Message From the Assistant Director
Hunting is part of our Washington heritage. It is a way of life for many Washingtonians and provides not only sustenance, but also added mental and physical advantages.
For the past year, we at the Washington Department of Fish and Wildlife have embarked on an effort to create a plan to help recruit, reactivate, and retain (R3) both hunters and anglers in Washington.
This plan is intended to promote and preserve the hunting and fishing heritage in Washington. By recruiting, retaining, and reactivating hunters and fishers for these activities, we hope to secure a prosperous future for the public engaged in these activities, and to ensure that these activities are open and accessible to all that might be interested.
The Department’s 25-year strategic plan identifies the development of a R3 plan for hunters, anglers, and nature appreciators as a near-term action under the strategy Engage communities through recreation and stewardship.
Building upon existing R3 plans and efforts, this plan contains strategies and tactics to address hunter and angler recruitment, retention, and reactivation for all demographics, as well as strategies specifically focused on underrepresented communities and diverse audiences.
We are excited to publish this plan in Fall 2022 and encourage new participation in the activities we value so much. We will be looking for opportunities to partner, mentor, and pass the hunting heritage on for current and future generations.
Small game hunting offers great opportunities for people to establish or rekindle their passion for hunting. The seasons are predictable and are not limited by special permit opportunities. It is possible to hunt small game without a significant investment in equipment or time, as compared to a big game hunt that may involve hours, if not days of planning, and then an extended stay away from home or work.
For many of us, hunting small game was our first hunting experience. This allowed us to become familiar with the state’s licensing and related hunting regulations and learn important hunting safety and ethics lessons that are carried with us if we also explore big game hunting.

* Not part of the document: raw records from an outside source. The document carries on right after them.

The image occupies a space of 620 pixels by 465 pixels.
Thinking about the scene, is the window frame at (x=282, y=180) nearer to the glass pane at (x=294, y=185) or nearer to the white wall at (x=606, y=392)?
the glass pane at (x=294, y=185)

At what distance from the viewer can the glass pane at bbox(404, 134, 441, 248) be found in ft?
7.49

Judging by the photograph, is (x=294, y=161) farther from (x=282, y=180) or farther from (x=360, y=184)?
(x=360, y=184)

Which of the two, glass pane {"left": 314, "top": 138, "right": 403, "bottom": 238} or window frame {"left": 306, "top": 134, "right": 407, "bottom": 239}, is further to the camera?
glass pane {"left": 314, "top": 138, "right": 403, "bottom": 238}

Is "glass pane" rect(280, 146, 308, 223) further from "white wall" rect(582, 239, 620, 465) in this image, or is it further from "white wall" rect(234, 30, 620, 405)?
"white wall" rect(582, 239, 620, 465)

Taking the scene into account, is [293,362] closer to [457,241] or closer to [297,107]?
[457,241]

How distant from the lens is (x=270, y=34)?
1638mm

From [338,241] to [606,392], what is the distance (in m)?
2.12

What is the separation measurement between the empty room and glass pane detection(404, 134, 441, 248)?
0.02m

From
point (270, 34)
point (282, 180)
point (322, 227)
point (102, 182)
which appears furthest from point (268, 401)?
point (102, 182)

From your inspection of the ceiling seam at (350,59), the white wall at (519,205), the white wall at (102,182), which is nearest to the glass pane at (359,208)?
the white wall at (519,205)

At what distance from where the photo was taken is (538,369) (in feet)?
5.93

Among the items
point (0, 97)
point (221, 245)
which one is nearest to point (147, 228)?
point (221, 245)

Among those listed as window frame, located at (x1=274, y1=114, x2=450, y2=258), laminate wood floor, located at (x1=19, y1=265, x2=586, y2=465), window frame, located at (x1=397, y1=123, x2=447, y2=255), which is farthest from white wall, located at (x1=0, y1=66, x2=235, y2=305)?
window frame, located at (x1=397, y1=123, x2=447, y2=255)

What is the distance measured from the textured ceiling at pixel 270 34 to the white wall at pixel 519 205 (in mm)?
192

Having lived in four states all with different opportunities, rules and regulations, terrain, and access, I know first-hand the value of this thing called R3. It is not easy to become a hunter, and it can be even harder to stay one when constantly re-prioritizing our time and investments as we go through life.

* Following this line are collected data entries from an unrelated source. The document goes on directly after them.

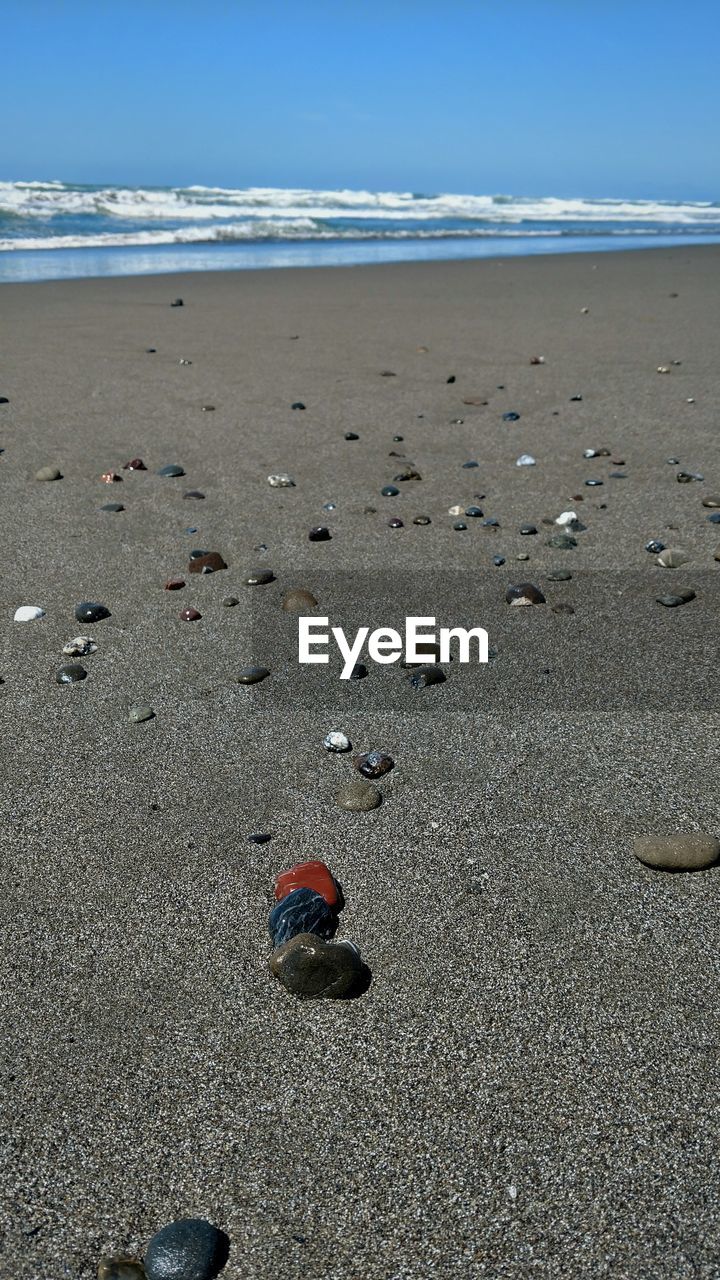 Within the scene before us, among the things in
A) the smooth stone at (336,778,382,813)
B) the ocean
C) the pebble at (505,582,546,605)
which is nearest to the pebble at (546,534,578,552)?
the pebble at (505,582,546,605)

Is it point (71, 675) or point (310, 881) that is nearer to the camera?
point (310, 881)

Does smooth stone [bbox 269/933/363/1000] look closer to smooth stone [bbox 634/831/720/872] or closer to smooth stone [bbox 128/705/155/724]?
smooth stone [bbox 634/831/720/872]

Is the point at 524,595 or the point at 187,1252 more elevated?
the point at 187,1252

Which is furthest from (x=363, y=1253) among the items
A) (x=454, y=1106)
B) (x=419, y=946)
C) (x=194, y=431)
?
(x=194, y=431)

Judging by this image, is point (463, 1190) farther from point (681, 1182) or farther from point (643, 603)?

Establishing hunting as a core value certainly helps. But, I find that the inspiration and support the hunting community provides is a priceless commodity that must be shared often and freely if we are going to not only recruit but retain and reactivate hunters. We hope that you are as excited to see this plan implemented as we are.
We hope that you have a safe and enjoyable hunting experience, and if you’re successful, that you enjoy the results of your harvest. Thank you for choosing to hunt in Washington!